様々な関係性の問題が3歳までに作られて、無意識下に残り、その後の人生に転写されていく、三つ子の魂百までとはよく言ったものです。精神分析ではこのことに気がつくことにより、体験することにより、自覚することにより、次の段階に進めていくというようなことを行います。

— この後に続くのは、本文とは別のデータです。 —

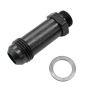 FRAGOLA FRG491966-BL Adapter Fitting #8 x 9/16-24 Holley Blk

無意識下の葛藤、トラウマを扱っていると、こうした分離固体化のイメージやテーマが表出してくる場合があります。
具体的にはこういう感じです。
分離個体化の過程
正常な自閉期
0~1ヶ月。自己と他者の識別がなく、欲求が内部で全面的に満たされる。
正常な共生期
2~5ヶ月。内部と外部の識別が生じるが、母親とは全能的な一体感を持つ。
分離個体化期
分化期
5~9ヶ月。母親を対象として認識し、母親を特定化する
練習期
9~15ヶ月。基地としての母親、母親から離れ近くを動き回り探索する
再接近期
15~24ヶ月。母親を別の存在として認識し、両価傾向を持つ
再個体化期
25~36ヶ月。情緒的対象恒常性が萌芽し、母親表象が統合化され、母親の不在に耐え母親から離れて他の子どもと遊ぶ
自己の上に人体活動を通じて自我が生まれてきますのでここまでの経験が十分になされていないと、うまく次の段階に行けないことになります。